Une situation juridique complexe
Le lancement de ce service intervient sans attendre une décision écrite finale de la cour fédérale du Delaware. Une action en justice est menée par la société X Corporation pour contester cette démarche. Selon Elon Musk, la marque demeure active et cette tentative d’appropriation représente une violation de ses droits. Lors d’une audience tenue en avril 2026, le juge Colm Connolly a formulé un avis indiquant que X Corp semblait avoir renoncé aux droits sur le logo à l’oiseau bleu ainsi que sur le terme tweet. Pour Stephen Coates, ces remarques ont constitué un signal favorable pour avancer.

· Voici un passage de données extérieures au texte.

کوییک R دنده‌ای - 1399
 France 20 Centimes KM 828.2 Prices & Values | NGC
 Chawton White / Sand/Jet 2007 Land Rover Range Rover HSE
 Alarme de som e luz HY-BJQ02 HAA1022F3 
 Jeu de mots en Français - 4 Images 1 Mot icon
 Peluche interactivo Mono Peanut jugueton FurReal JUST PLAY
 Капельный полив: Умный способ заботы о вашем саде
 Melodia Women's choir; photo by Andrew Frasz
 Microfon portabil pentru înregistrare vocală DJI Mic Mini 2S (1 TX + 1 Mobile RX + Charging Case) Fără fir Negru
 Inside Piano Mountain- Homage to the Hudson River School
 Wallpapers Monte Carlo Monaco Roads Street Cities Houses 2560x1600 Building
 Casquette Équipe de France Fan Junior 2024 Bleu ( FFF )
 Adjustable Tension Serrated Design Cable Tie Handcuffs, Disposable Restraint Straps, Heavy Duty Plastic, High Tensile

Le fonctionnement de la plateforme
Le réseau social intègre un moteur de vérification nommé Vera, propulsé par le modèle Gemini de Google. Ce système analyse les publications en temps réel pour évaluer leur fiabilité. Stephen Coates a testé l’outil avec des affirmations volontairement inexactes, comme l’idée que George Washington était le deuxième président, afin d’observer la réaction du moteur. Les membres peuvent ajuster un curseur, le Trust Dial, pour moduler l’exposition aux contenus selon leur niveau de confiance. L’objectif affiché par les créateurs est de favoriser la liberté d’expression sans amplifier la désinformation. Pour l’heure, le site compte quelques centaines d’utilisateurs. Le modèle économique repose sur des abonnements payants, avec des tarifs débutant à 20 dollars pour le statut Founder et atteignant 40 dollars ou plus pour le statut Fighter. Ces revenus servent à financer le combat juridique et à limiter la présence de comptes automatisés.